In what he thought was a private comment last week Jackson criticised Obama for chastising black fathers for not doing enough for their children during a Father’s Day speech and making “faith-based initiatives” part of his campaign platform.
“But here at the NAACP, I’m here to report I’m not going to stop talking about it,” he said suggesting taking responsibility simply “means turning off televisions and putting away video games and providing direct guidance to children.”
“Teaching our daughters to never allow images on television to tell them what they are worth; teaching our sons to treat women with respect, and to realise responsibility does not end at conception; that what makes them a man is not the ability to have a child but to raise one,” he said. “That’s a message we need to send.”

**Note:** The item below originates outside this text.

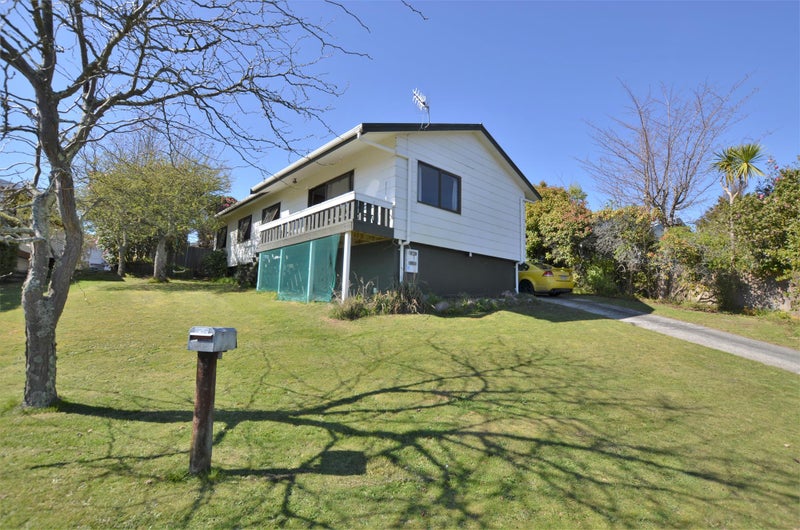 13 Park Place, Richmond Heights, Taupo - Carousel 2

Addressing some key issues facing the black community, Obama, who would be America’s first black president noted that leaders like the Rev. Martin Luther King Jr. understood that civil rights meant more than erasing prejudice and bigotry, that social justice could not come without economic justice.
“What Dr. King and Roy Wilkins understood is that it doesn’t matter if you have the right to sit at the front of the bus if you can’t afford the bus fare,” he said. “It doesn’t matter if you have the right to sit at the lunch counter if you can’t afford the lunch.
“What they understood is that so long as Americans are denied the decent wages and good benefits and fair treatment that they deserve, the dream for which so many gave so much will remain out of reach; that to live up to our founding promise of equality for all, we have to make sure that opportunity is open to all.”
The “true genius” of the United States, he said, is “not that we are perfect, but that we can make ourselves more perfect; that brick by brick, calloused hand by calloused hand, people who love this country can change it.”
“And that’s our most enduring responsibility – the responsibility to future generations,” he said. “We have to change this country for them. … We have to leave them a planet that’s cleaner, a nation that’s safer, a world that’s more equal and more just.”
On his part, Obama said: “If I have the privilege of serving as your next president, 100 years after the founding of the NAACP, I will stand up for you the same way that earlier generations of Americans stood up for me – by fighting to ensure that every single one of us has the chance to make it if we try.”